Task to complete -
Your job is to print, exactly, the lines in the data below from the line with "For SaleCondoSukhumvit, Asoke, Thonglor" through the line with "High Rise Mom Jeans - Picture 4 of 5", both included, and to omit any picture.

[[ Data listing, beginning ]]

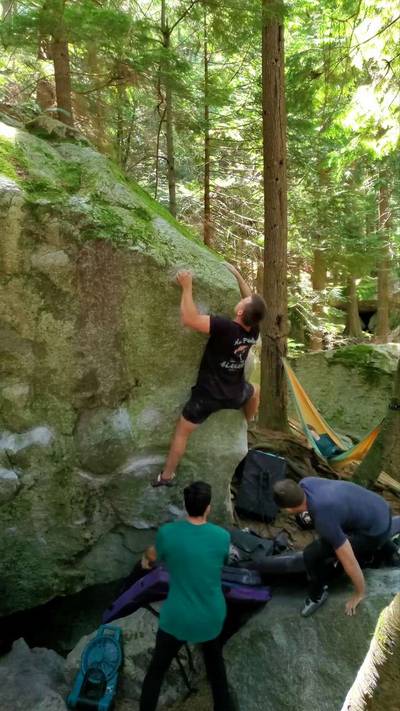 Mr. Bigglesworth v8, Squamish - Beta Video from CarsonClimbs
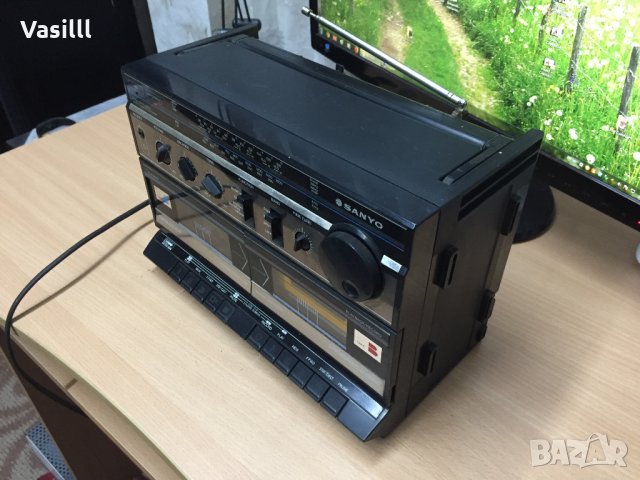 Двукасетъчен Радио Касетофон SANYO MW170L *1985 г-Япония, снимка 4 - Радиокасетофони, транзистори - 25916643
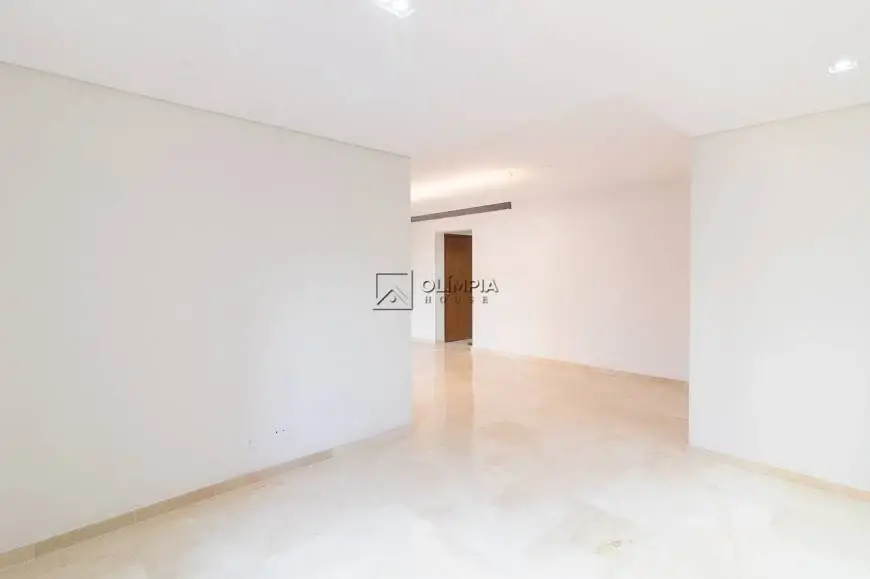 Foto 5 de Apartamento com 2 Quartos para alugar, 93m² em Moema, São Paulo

[[ Data listing, end ]]
[[ Data listing, beginning ]]

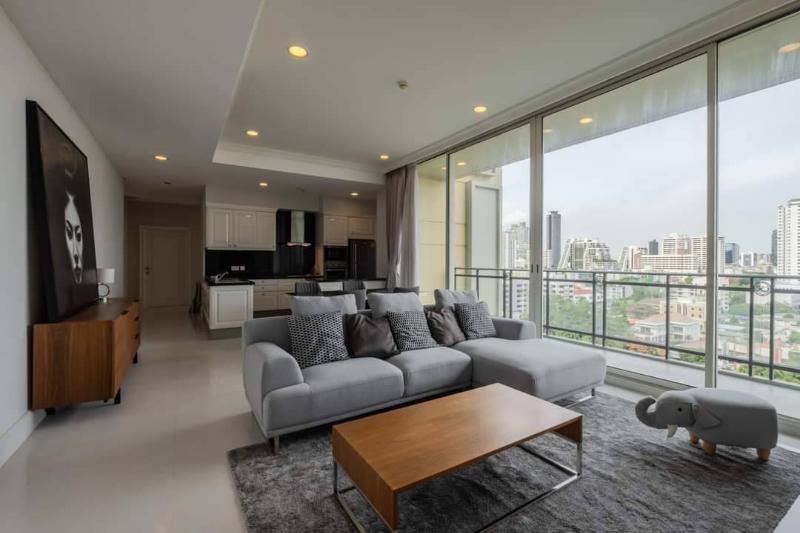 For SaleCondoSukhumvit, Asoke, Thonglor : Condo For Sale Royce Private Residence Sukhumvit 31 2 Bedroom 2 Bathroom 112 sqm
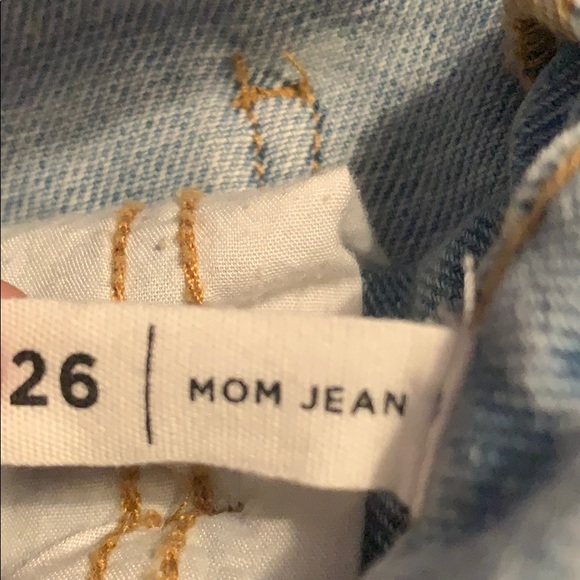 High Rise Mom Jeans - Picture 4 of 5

[[ Data listing, end ]]

Reply to the task -
 For SaleCondoSukhumvit, Asoke, Thonglor : Condo For Sale Royce Private Residence Sukhumvit 31 2 Bedroom 2 Bathroom 112 sqm
 High Rise Mom Jeans - Picture 4 of 5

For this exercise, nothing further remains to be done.